Now every time you save a file, tests run automatically.

Periodic Mutation Checks¶

While pytest-watch handles the RED-GREEN-REFACTOR cycle, periodically run mutation testing:

Bash

# In another terminal, or after completing a feature
tm

Or use a keyboard shortcut in your IDE to run the full TDD cycle:

Bash

tdd  # alias for: pytest -x && pytest --gremlins --gremlin-cache -x

IDE Integration¶

VS Code¶

Create .vscode/tasks.json:

JSON

{
  "version": "2.0.0",
  "tasks": [
    {
      "label": "TDD: Run Tests",
      "type": "shell",
      "command": "pytest -x --tb=short",
      "group": "test",
      "problemMatcher": []
    },
    {
      "label": "TDD: Mutate",
      "type": "shell",
      "command": "pytest --gremlins --gremlin-cache -x",
      "group": "test",
      "problemMatcher": []
    },
    {
      "label": "TDD: Full Cycle",
      "type": "shell",
      "command": "pytest -x && pytest --gremlins --gremlin-cache -x",
      "group": "test",
      "problemMatcher": []
    }
  ]
}

Use Cmd+Shift+B (Mac) or Ctrl+Shift+B (Windows/Linux) to run tasks.

PyCharm¶

Create run configurations:

TDD: Tests - pytest -x --tb=short
TDD: Mutate - pytest --gremlins --gremlin-cache -x
TDD: Full - Compound configuration running both

Verification¶

Practice the cycle on a new feature:
Write failing test
Make it pass
Refactor
Run mutation testing
Strengthen tests if needed
Check that mutation scores stay high:

Bash

pytest --gremlins --gremlin-report=console

Over time, mutation scores should improve or stay stable

Troubleshooting¶

Mutation testing is too slow for TDD¶

Use caching and operator subsets:

Bash

# Fast check during development
pytest --gremlins --gremlin-cache --gremlin-operators=comparison -x

# Full check before committing
pytest --gremlins

Too many surviving gremlins to address¶

Focus on one at a time:

Bash

# See detailed report
pytest --gremlins --gremlin-report=html

# Address the most critical (e.g., boundary conditions) first

Prioritize:

Boundary condition mutations (>= to >)
Return value mutations (returning wrong value)
Boolean mutations (logic errors)
Arithmetic mutations (calculation errors)

Some gremlins are false positives¶

Not all surviving gremlins indicate test gaps.
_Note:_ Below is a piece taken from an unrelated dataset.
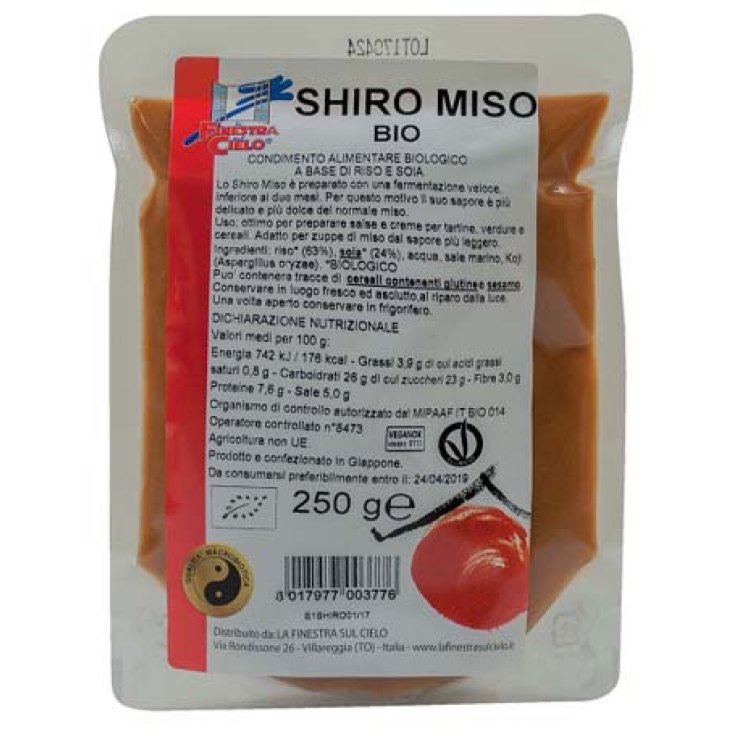 SHIRO MISO 250G BIO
Some mutations are equivalent (produce the same behavior). Use pragmatic judgment:

Python

# This gremlin might survive: x = x + 0  →  x = x - 0
# Both produce the same result - not a real test gap

Mark intentional exclusions with the pardon pragma:

Python

def calculate_discount(price):
    return price * 0  # gremlin: pardon[equivalent] always zero by design

Valid reason codes are equivalent, untestable, and out_of_scope.

Best Practices¶

Run mutation testing after each feature, not each commit
TDD cycle: seconds
Mutation check: tens of seconds to minutes
Start with high-value mutations
Comparison operators catch boundary bugs
Boolean operators catch logic errors
Don't chase 100% mutation score
85-95% is excellent
Some equivalent mutations are unavoidable
Use mutation testing to learn
Surviving gremlins teach you about edge cases
Over time, you'll write stronger tests naturally
Integrate with code review
Share mutation reports in PRs
Discuss surviving gremlins with teammates